**Task to carry out:** Restate every line of the material below word for word, skipping the images.

**Data shown:**

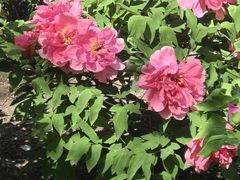 -莲花池公园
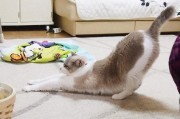 猫撅屁股
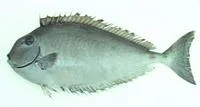 Humpnose unicornfish (Naso tuberosus)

**Response below:**
 -莲花池公园
 猫撅屁股
 Humpnose unicornfish (Naso tuberosus)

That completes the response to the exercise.